具体干了什么代码很直白的就能看出来吧，这里还可以看到对于建立连接超时也会进行尝试重连接的。。。

好了，到这里如何建立连接就算是比较的清楚了。。那么接下来看看在连接断开之后将会如何进行重连接吧，先来看看连接断开之后会执行啥操作，

这里首先总得知道如何判断底层的channel的连接是不是已经断开了吧，如何来判断呢，嗯，这个有点基础的就应该知道，如果连接已经断开了，那么在channel上read将会返回-1，好了那么我们就知道代码应该从哪里开始看了，嗯，来看streamEngine的in_event方法，看它在read返回-1之后会做啥：

    //当底层的chanel有数据可以读取的时候的回调方法
    public void in_event ()  {
        if (handshaking)
            if (!handshake ())
                return;
        
        assert (decoder != null);
        boolean disconnection = false;

        //  If there's no data to process in the buffer...
        if (insize == 0) {  //如果inbuf里面没有数据需要处理

            //  Retrieve the buffer and read as much data as possible.
            //  Note that buffer can be arbitrarily large. However, we assume
            //  the underlying TCP layer has fixed buffer size and thus the
            //  number of bytes read will be always limited.
            inbuf = decoder.get_buffer ();  //从解码器里面获取buf，用于写入读取的数据，因为在已经设置了底层socket的TCP接收缓冲区的大小
            insize = read (inbuf);  //用于将发送过来的数据写到buf中去，并记录大小
            inbuf.flip();  //这里准备从buf里面读取数据了

            //  Check whether the peer has closed the connection.
            if (insize == -1) {  //如果是-1的话，表示底层的socket连接已经出现了问题
                insize = 0;
                disconnection = true;  //设置标志位
            }
        }

        //  Push the data to the decoder.
        int processed = decoder.process_buffer (inbuf, insize);  //解析这些读取到的数据

        if (processed == -1) {
            disconnection = true;
        } else {

            //  Stop polling for input if we got stuck.
            if (processed < insize)  //如果处理的数据居然还没有读到的数据多，那么取消读取事件的注册
                io_object.reset_pollin (handle);

            //  Adjust the buffer.
            insize -= processed;  //还剩下没有处理的数据的大小
        }

        //  Flush all messages the decoder may have produced.
        session.flush ();  //将decoder解析出来的数据交给session

        //  An input error has occurred.
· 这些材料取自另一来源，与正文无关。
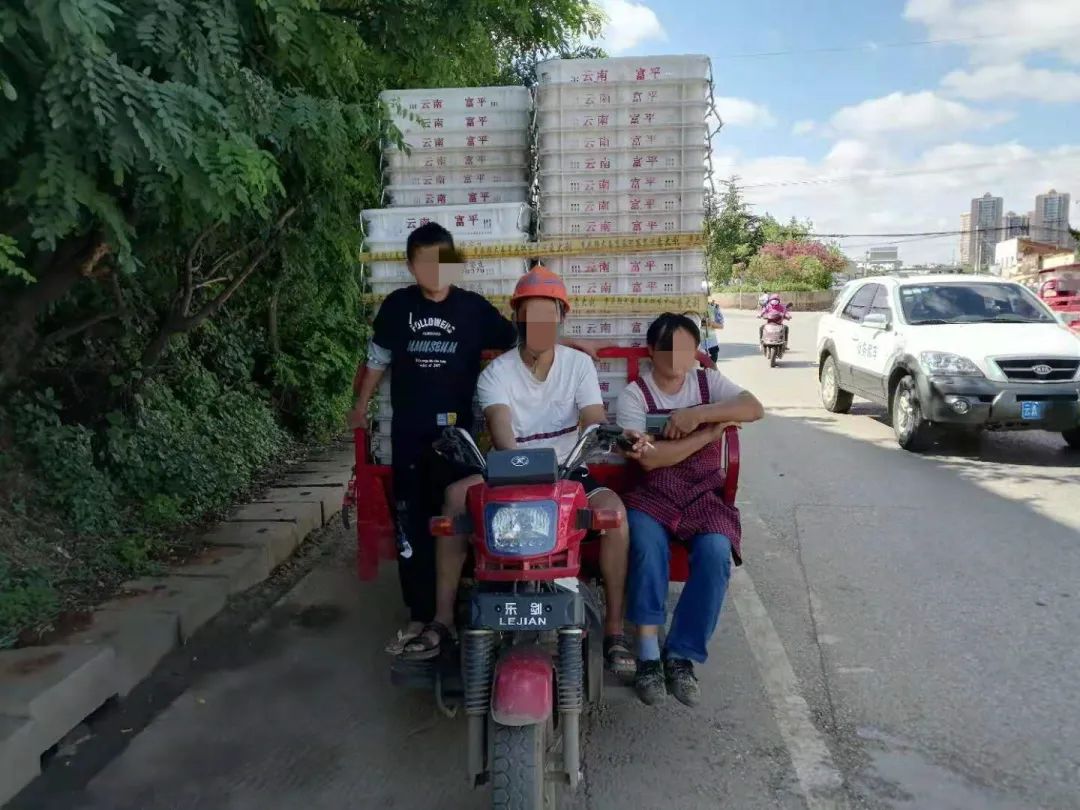 富民交警(微信)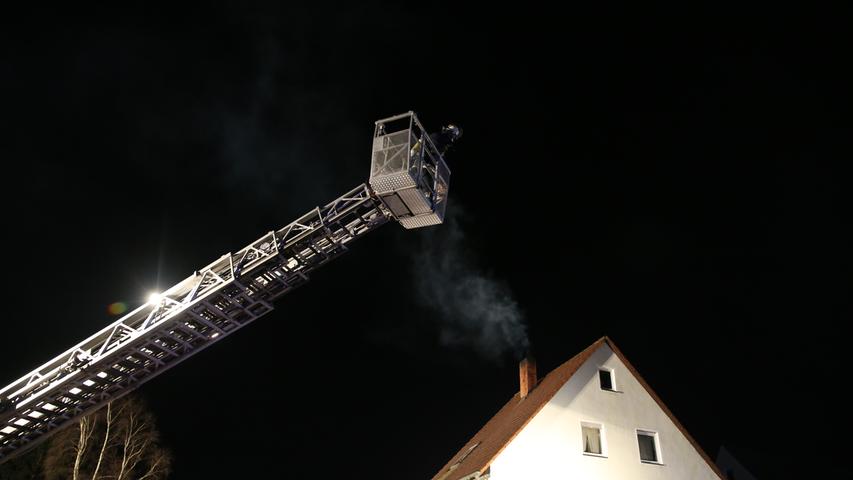 Die Einsatzkräfte der Feuerwehr rückten aus, um einen brennenden Kamin in Kammerstein im Landkreis Roth zu löschen.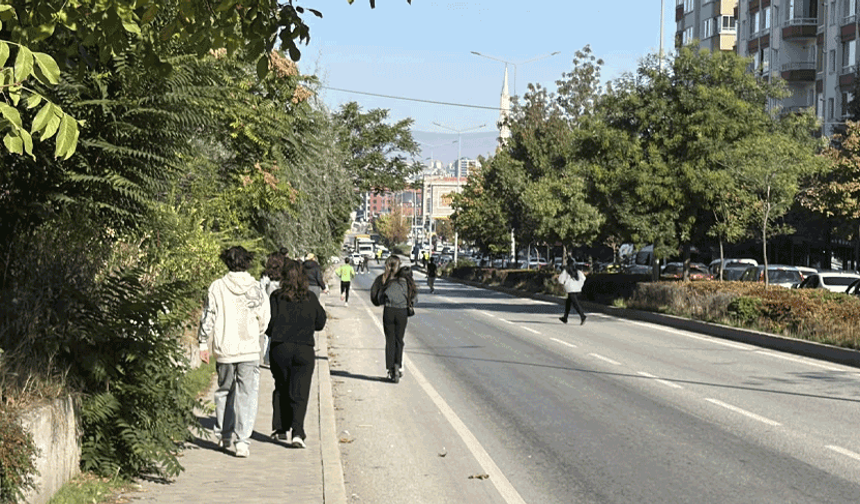 Eskişehir'de trafik kilitlendi, KPSS adayları sınava koşarak yetişmeye çalıştı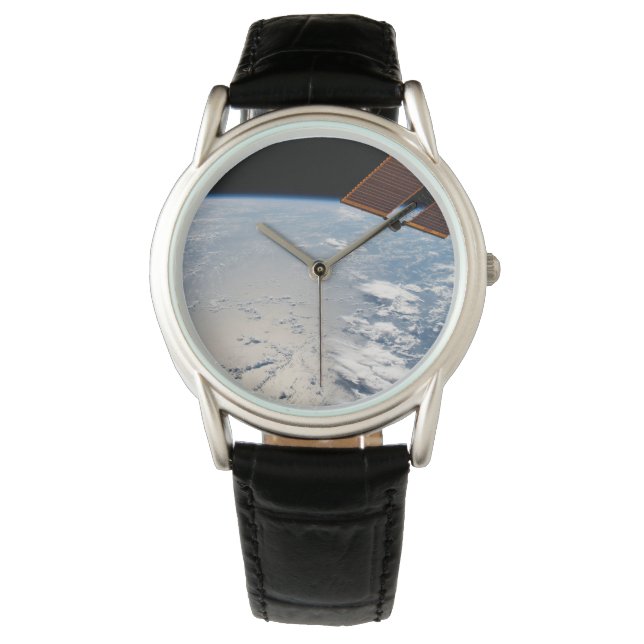 Molnformationer omgivande sollint av Stilla havet Armbandsur (Framsida)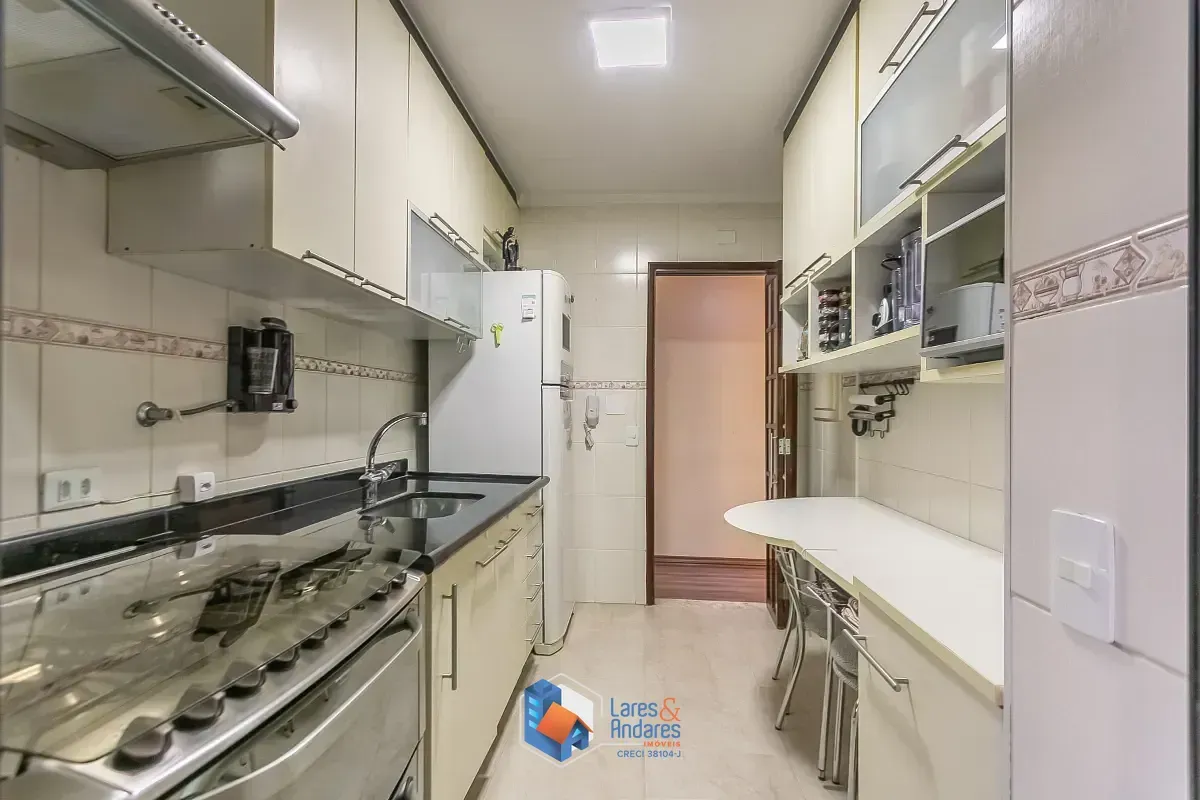 Imagem Apartamento para venda em Saúde com 3 quartos, sendo 1 suíte, 77m²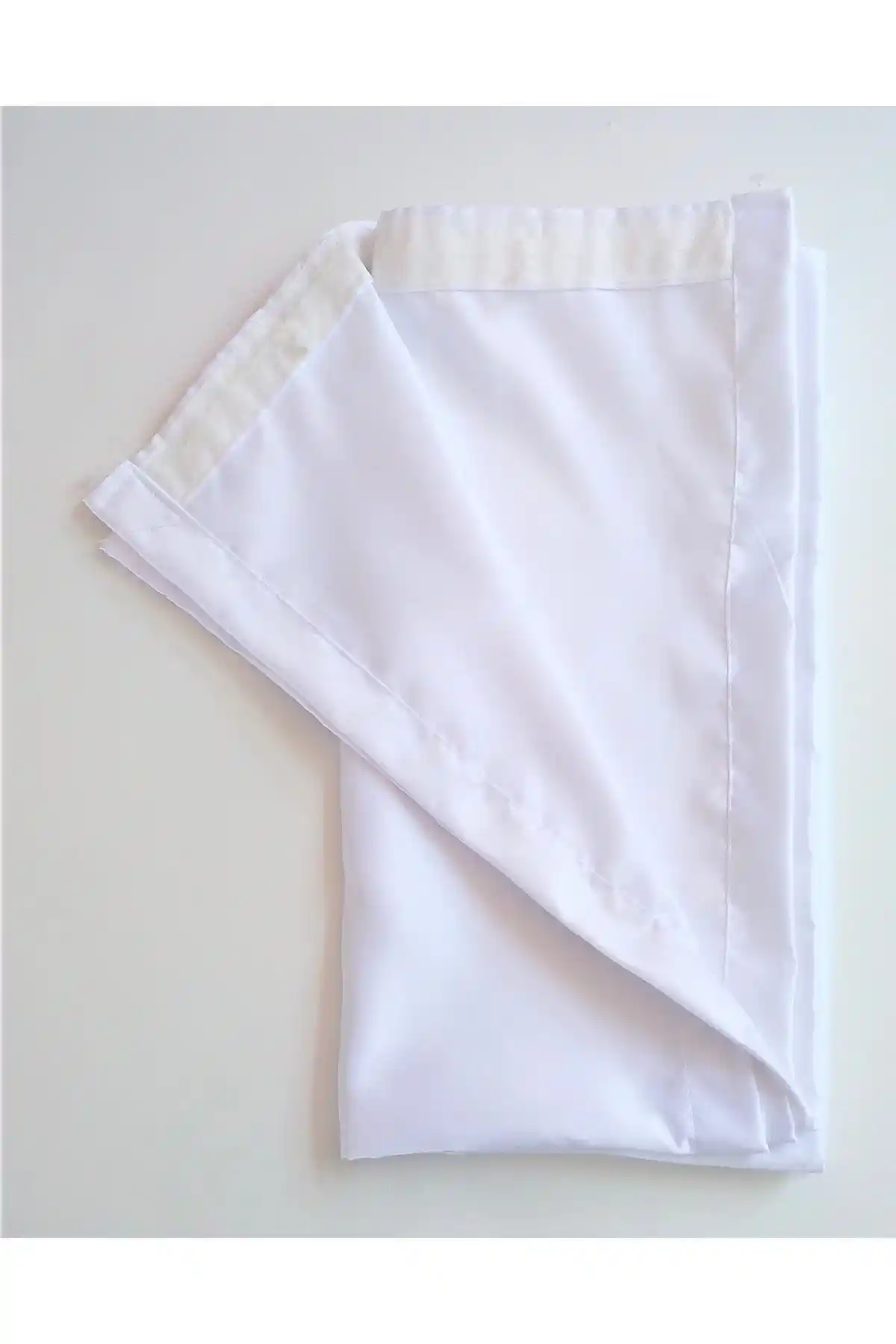 AYCE EV TEKSTİLİ ve Perdexpress Beyaz Saten Güneşlik Perde Karşılaştırması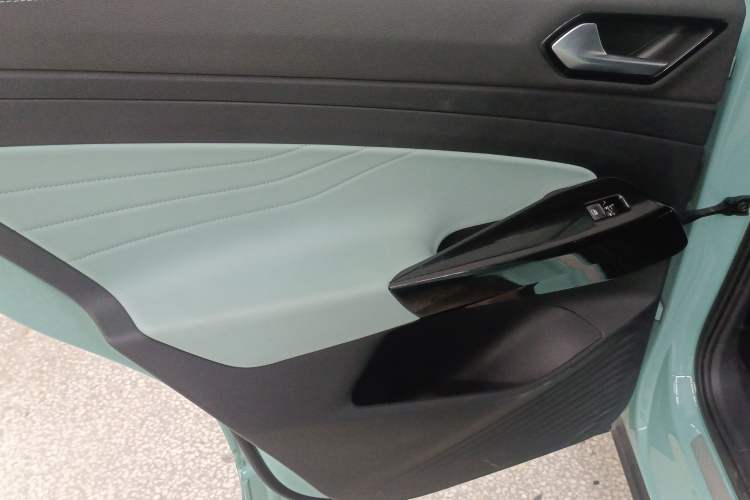 Used Volkswagen ID.4 X 2023 Ultra-Intelligent Long-Range Version Left Rear Door Interior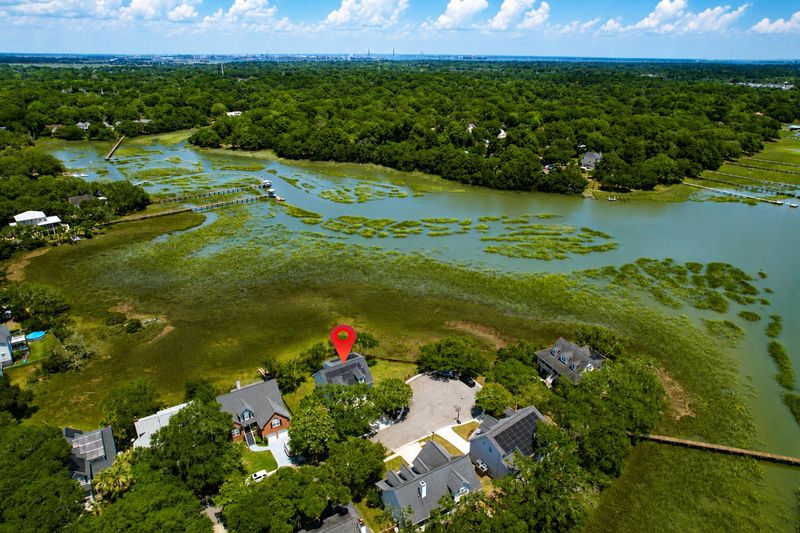 1463 Harborsun Dr, Charleston, SC 29412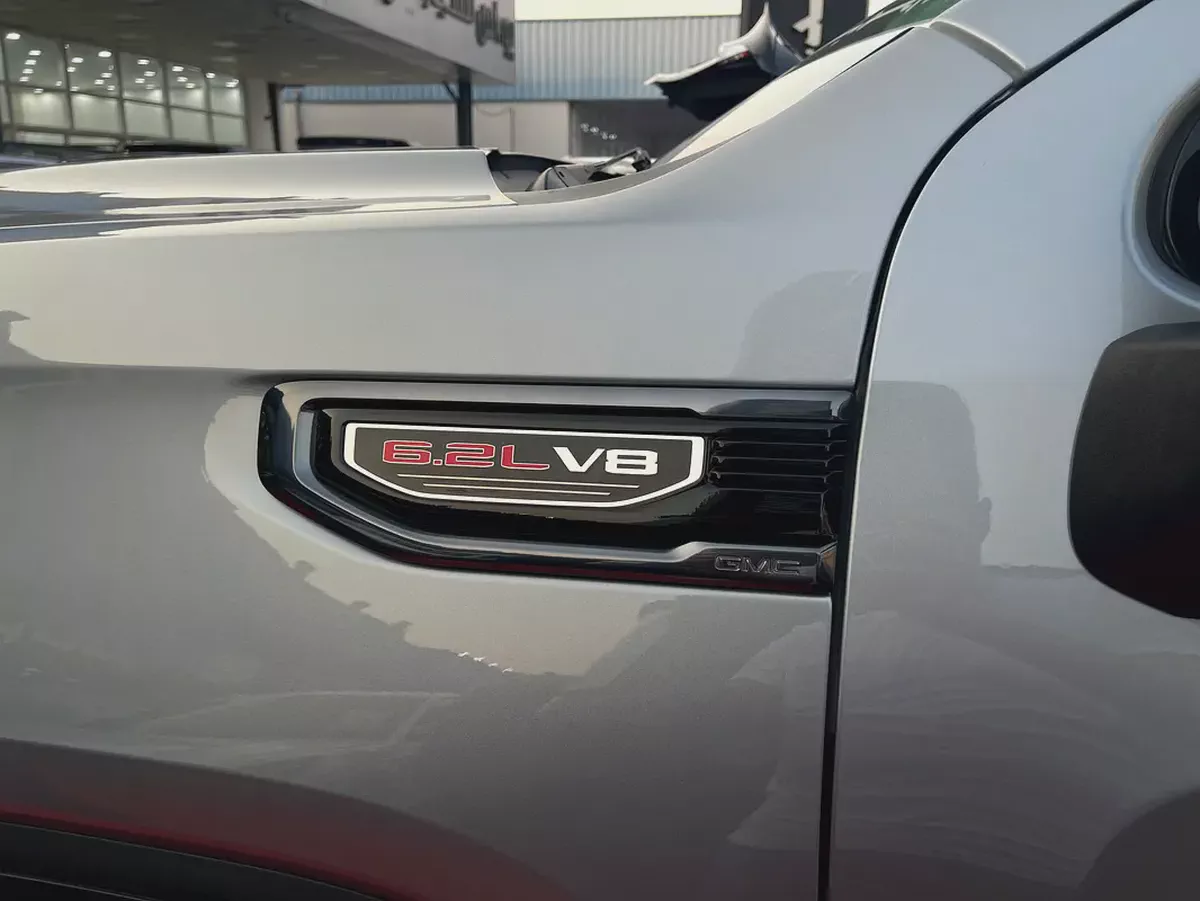 GMC Sierra AT4 2023 GCC 6.2L bank installment available Zero down payment-16-16
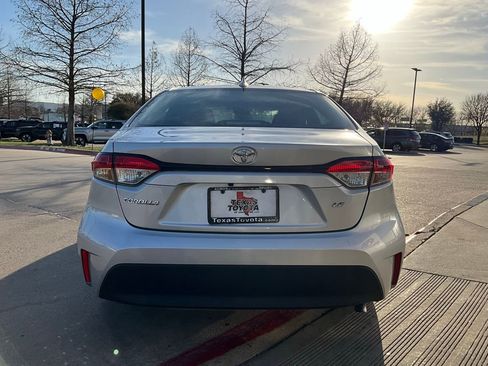 Used 2025 Toyota Corolla LE image 7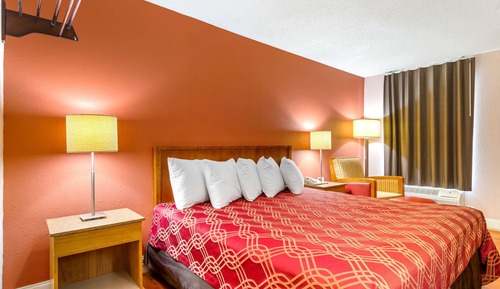 Standard Room, 1 King Bed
If the last decoded message
        //  has already been accepted, we terminate the engine immediately.
        //  Otherwise, we stop waiting for socket events and postpone
        //  the termination until after the message is accepted.
        if (disconnection) {   //表示已经断开了连接，那么需要处理一下
            if (decoder.stalled ()) {
                io_object.rm_fd (handle);
                io_enabled = false;
            } else {
                error ();
        
            }
        }
    }

嗯，这里可以看到，如果返回-1之后，会设置disconnection标志位，然后还会调用error方法来报错，那么接下来来看看这个error方法做了啥吧：

    //报错，那么让高层的ZMQ的socket关闭当前连接
    private void error ()  {
        assert (session != null);
        socket.event_disconnected (endpoint, handle);  //这里可以理解为通知上层的socket，
        session.detach ();   //这个主要是用于session清理与socket的pipe ，然后还会尝试进行重连接
        unplug ();  //取消在poller上面的注册
        destroy ();  //关闭底层的channel，关闭当前
    }

其实，如果底层的链接断开了，那么当前这个channel也就无效了，那么当前的streamEngine对象也就无效了，那么要做的事情就是销毁当前的对象，然后还要解除在poller上面的注册，然后还要通知上层的socket，当前的这个链接地址的连接已经断开了。。。当然还要告诉session对象，让其进行一些处理，session的处理就包括重连接了，那么来看看他做了啥：

    //相当于是要移除底层的Engine的关联
    public void detach()  {
        //  Engine is dead. Let's forget about it.
        engine = null;  //这里相当于就会释放当前的engine对象

        //  Remove any half-done messages from the pipes.
        clean_pipes ();  //清除那些没有接受完的msg
 
        //  Send the event to the derived class.
        detached ();   //取消pipe，然后重连接

        //  Just in case there's only a delimiter in the pipe.
        if (pipe != null)
            pipe.check_read ();
    }

这里还看不到进行重连接的代码，接下来继续看detached方法：

    private void detached() {
        //  Transient session self-destructs after peer disconnects.
        if (!connect) {  //如果不是主动建立连接的话，那么就直接终止就好了否则的话还进行重连接的尝试
            terminate ();
            return;
        }

        //  For delayed connect situations, terminate the pipe
        //  and reestablish later on
        if (pipe != null && options.delay_attach_on_connect == 1
            && addr.protocol () != "pgm" && addr.protocol () != "epgm") {
            pipe.hiccup ();
            pipe.terminate (false);
            terminating_pipes.add (pipe);
            pipe = null;
        }
        
        reset ();  // 复位标志位

        //这里主动进行重连接的尝试
        if (options.reconnect_ivl != -1) {
            start_connecting (true);   //进行重连接尝试，这里也就是需要进行一些延迟
        }

        //  For subscriber sockets we hiccup the inbound pipe, which will cause
        //  the socket object to resend all the subscriptions.
        if (pipe != null && (options.type == ZMQ.ZMQ_SUB || options.type == ZMQ.ZMQ_XSUB))
            pipe.hiccup ();

    }

这里可以看到调用了start_conneting方法，不过这里传进去的参数是true，具体的执行流程与上面建立连接差不多，只不过这里是延迟进行连接的。。。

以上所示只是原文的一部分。